In Remembrance

On the morning of September 11, 2001, my mother called and woke me up to tell me to turn on the news. She was crying because her cousin Susan was in the second tower. I won’t describe that feeling because it’s very personal to me, but there is a reason I wanted to bring it up.

At the time, I was working at Mayfield’s Inc as a jewelry designer. That morning I watched everything unfold and got my shit together and left to go to work and the roads were almost completely clear. I don’t remember very much else, until my very sweet boss came over to my desk about an hour after I got there and told me she wanted me to go home, that she was calling me a cab because she didn’t want me to drive. I guess I was in some sort of shock. I waited outside for the cab and just sat on a bench in the sunlight. A receptionist for the building came outside, she had heard that I had a family member inside the building. She asked if she could hug me and it just felt weird. Forced. Insincere.

Long story short, my Aunt Susan made it out of the building and she’s okay. Again, don’t really want to go into that stuff.

So about a week later, this same woman asked to interview me for an article she was writing in the newsletter for the office building, and I said okay. I told her a short version of how Uncle John called us around 10pm to tell us that my mom’s cousin was okay, and I gave very few details of what she had dealt with. But I made sure to tell her that my aunt was okay and that she was grateful to be alive.

The next day, the newsletter came out and I was completely surprised to see the interview with me was on the front page. She had added all kinds of gory details and stuff I didn’t say, and then made it sound like my Aunt Susan had died!! WHAT?? I was so angry and so amused all at the same time.

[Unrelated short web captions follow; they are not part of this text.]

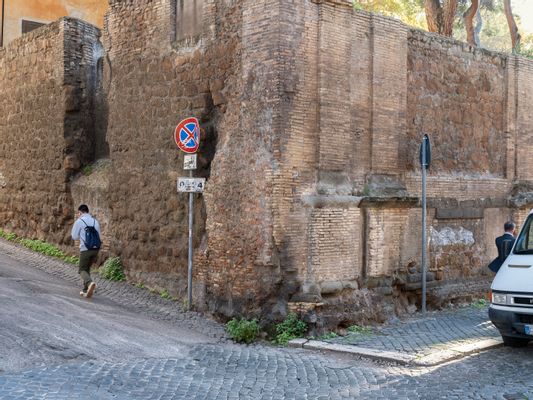 Incrocio tra via della Longara e salita del Buon Pastore, Roma
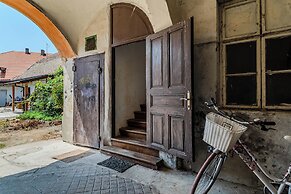 Old Town Heritage Suites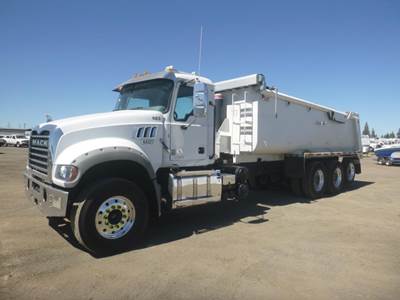 2020 Mack Granite 3-Axle Super Dump Truck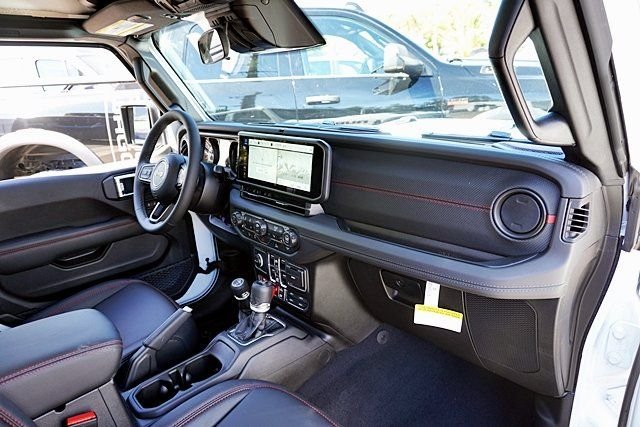 New 2026 Bright White Clear-Coat Exterior Paint Jeep Rubicon image 12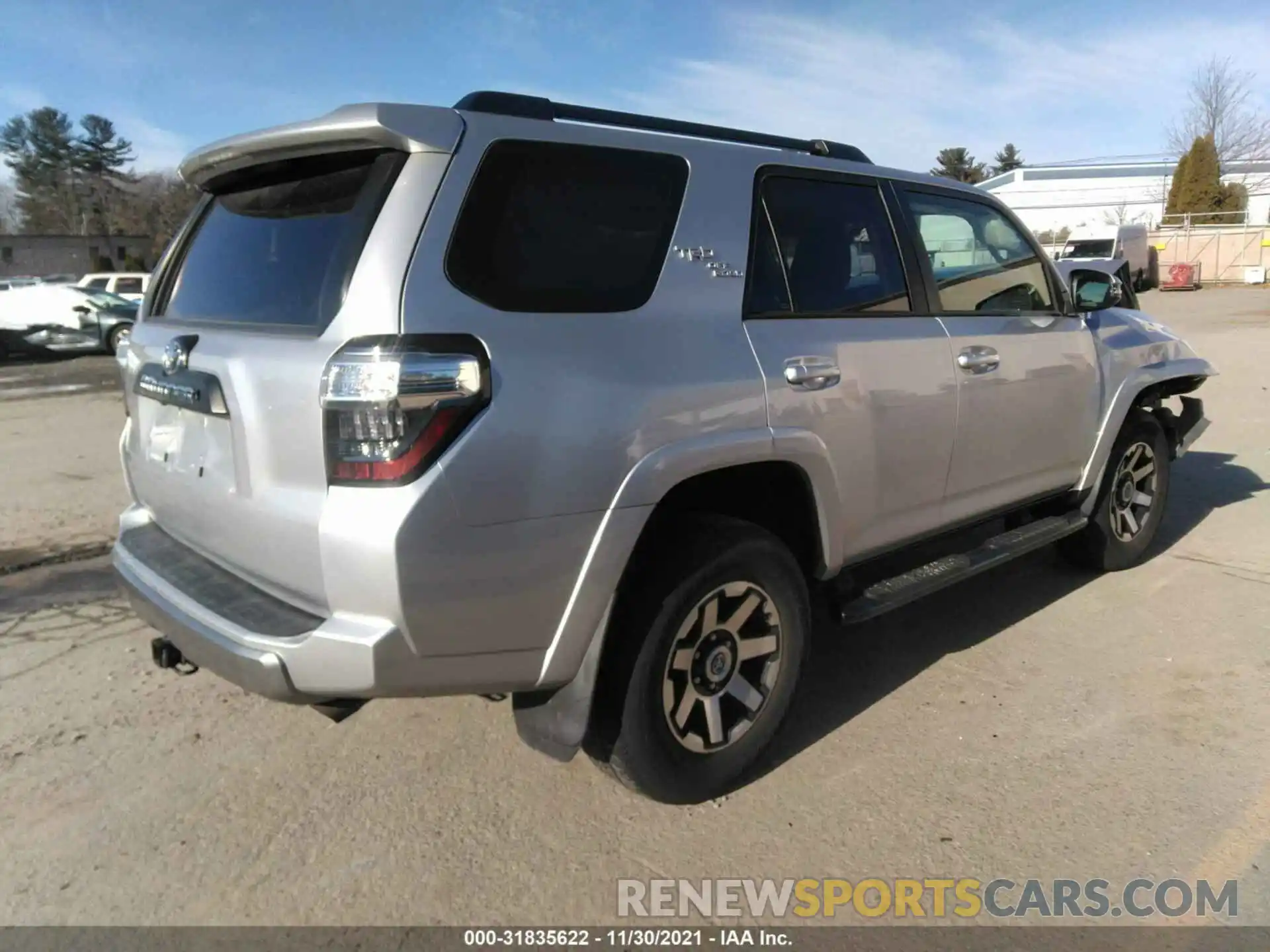 4 Фотография поврежденного автомобиля JTEBU5JR4K5657151 TOYOTA 4RUNNER 2019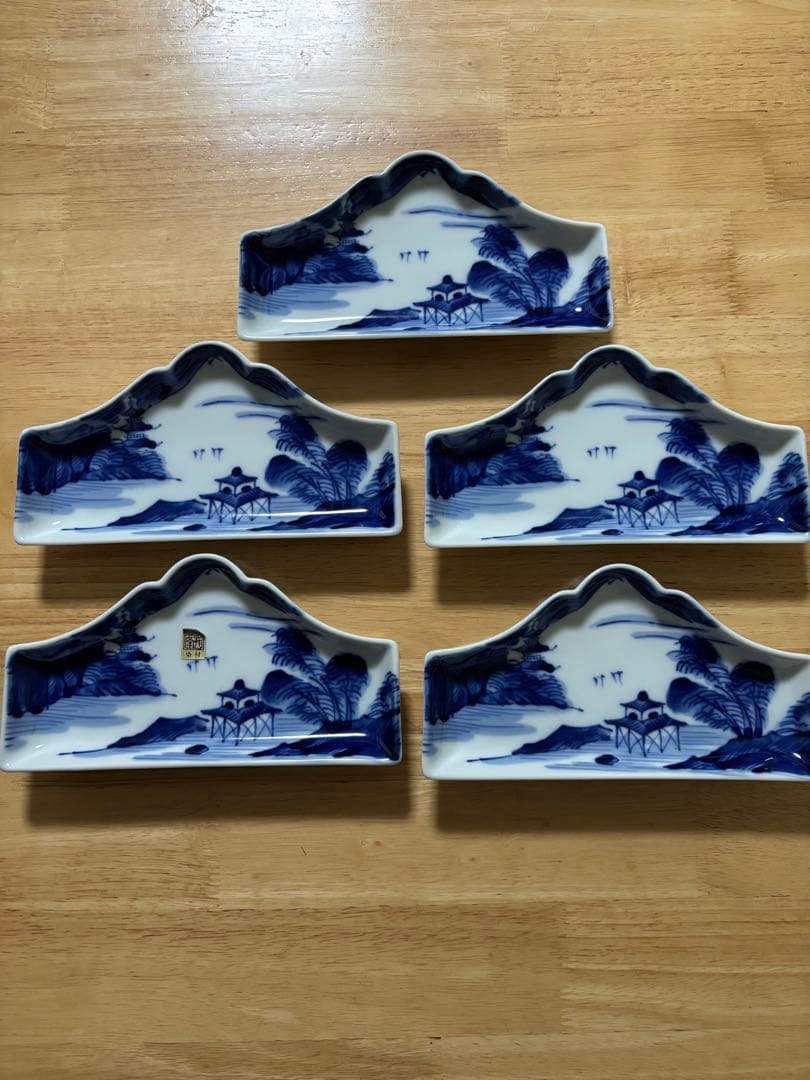 三洋陶器　龍峰窯　染付山水　富士形皿　富士山　三峰形　変形皿　龍峯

My whole point is, 9/11 was an awful day and no one should ever have to go through such a terrible tragedy. However, my story is nothing compared to those who really did suffer, those who lost close family relatives or spouses or children. What this woman did was prove to me how insincere she really was, and that the true story wasn’t “gruesome” enough, that she wanted drama and tragedy, dammit! She wanted some way to tie herself into all that death and despair, and maybe garner some sympathy. And for that kind of shit, I have NONE.

I don’t ever want to belittle those who died by making my story more than it is, and I don’t enjoy the fact that most of these “America, hell YEAH!” people secretly enjoy that there was death and chaos. They won’t ever admit it, but I know some of the people out there can’t get enough of the details, and love that it happened because wasn’t it cool that we were all so united?? No, it wasn’t cool. It got carried away and became almost sick to me. It’s sick that people are still profiting from the tragedy by selling t-shirts and key chains. Those people didn’t go to the Grand Canyon, they were obliterated in the most awful way that you can imagine. And out of respect for those who really do have a story to tell, I think paying a quiet respect is the best road to take. There is so much more to learn from all of this than just dwelling on the disgusting details and buying commemorative bumper stickers.

God Bless all of us on that day and every day. Be safe.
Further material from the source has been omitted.